------ THE INPUT ------

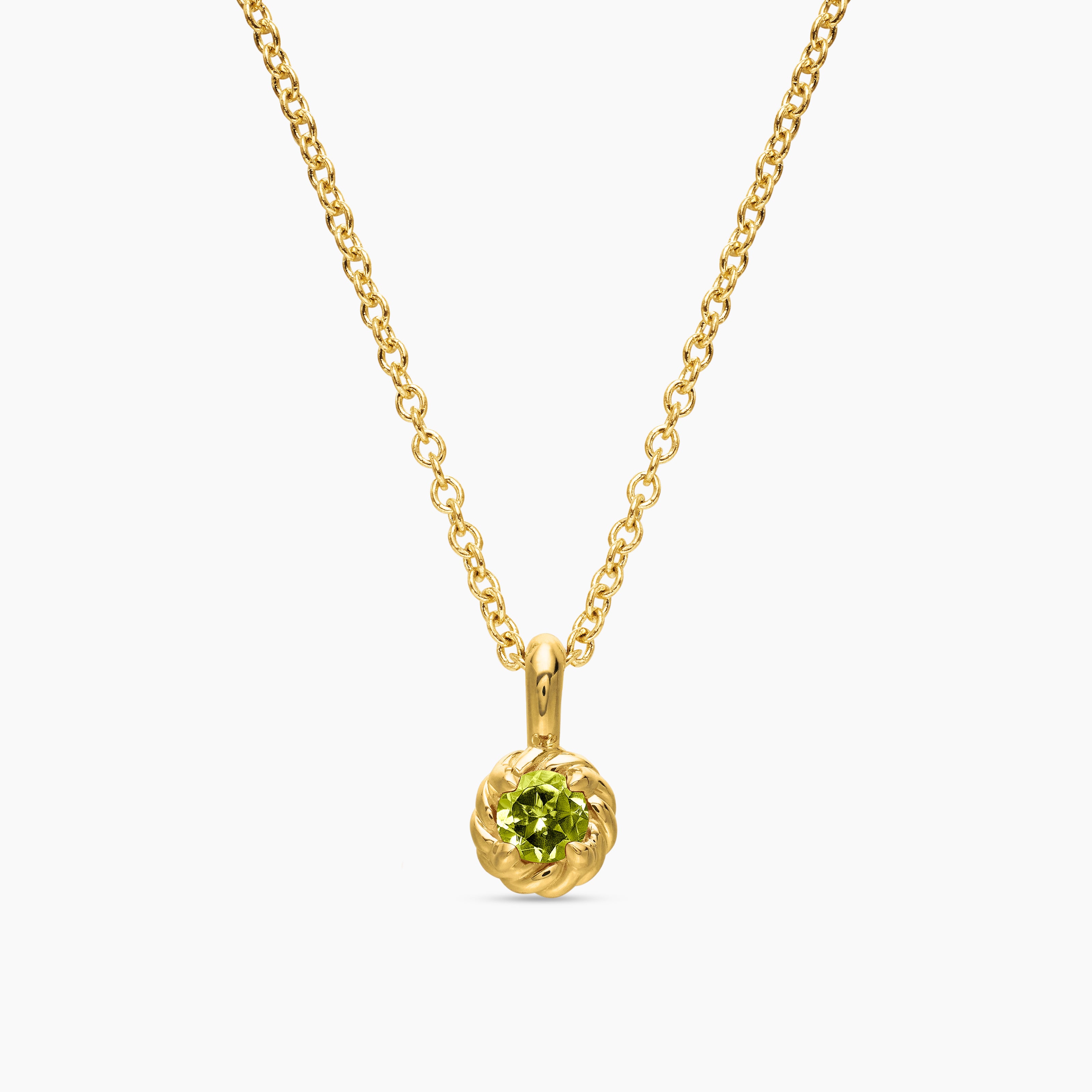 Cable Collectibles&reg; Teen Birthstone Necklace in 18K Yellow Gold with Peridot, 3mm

------
------ THE INPUT ------

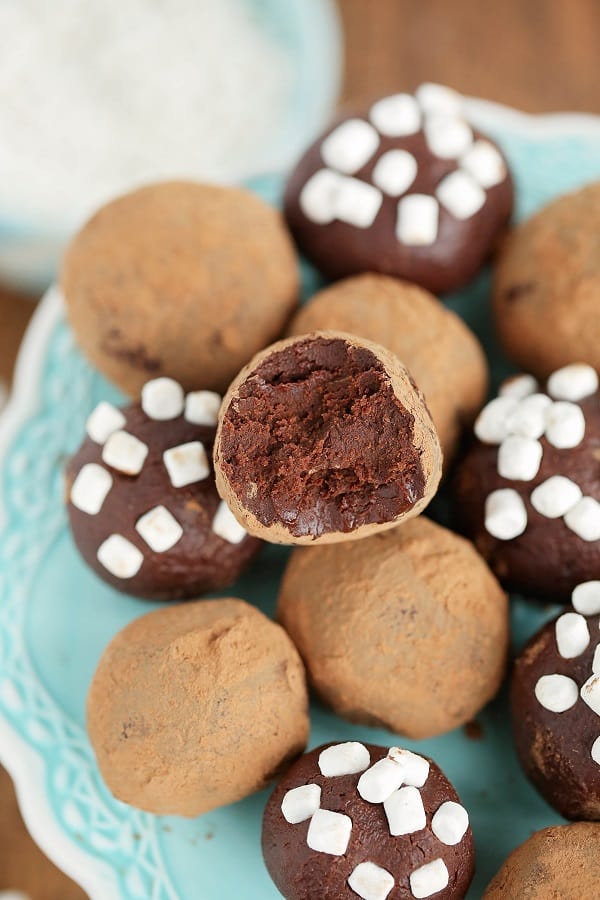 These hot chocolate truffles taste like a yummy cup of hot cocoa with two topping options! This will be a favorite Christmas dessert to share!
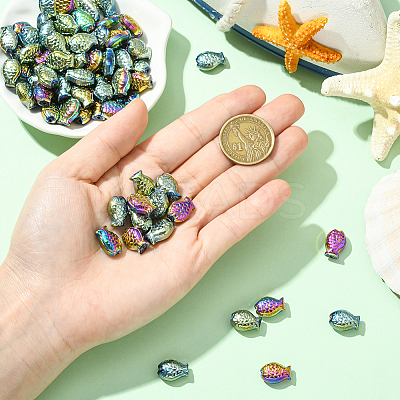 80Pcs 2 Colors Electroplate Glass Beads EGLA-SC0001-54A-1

------
------ THE INPUT ------

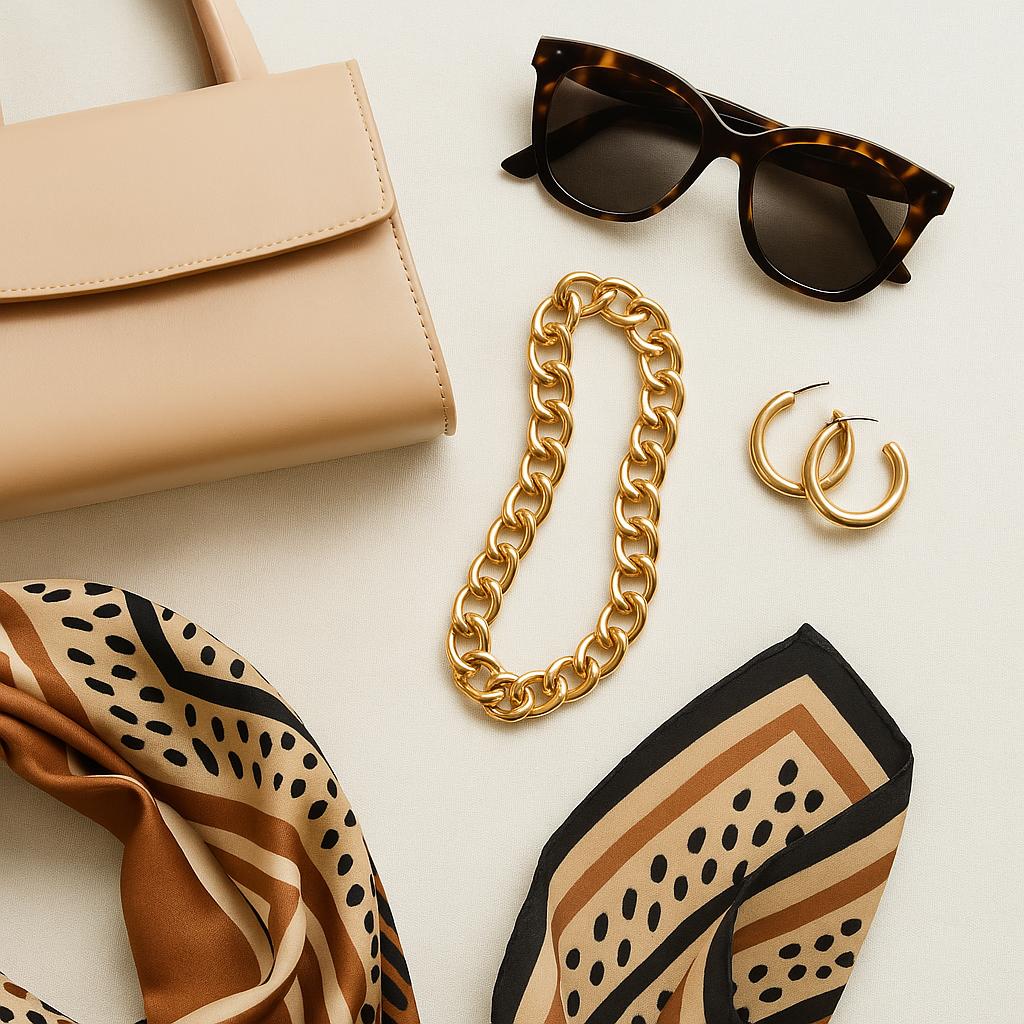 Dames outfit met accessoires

------

### DIRECTIONS
From the records above, give again only the part that opens with the line containing "These hot chocolate" and closes with the line containing "80Pcs 2 Colors". Keep both ends but drop the pictures.

### SOLUTION
 These hot chocolate truffles taste like a yummy cup of hot cocoa with two topping options! This will be a favorite Christmas dessert to share!
 80Pcs 2 Colors Electroplate Glass Beads EGLA-SC0001-54A-1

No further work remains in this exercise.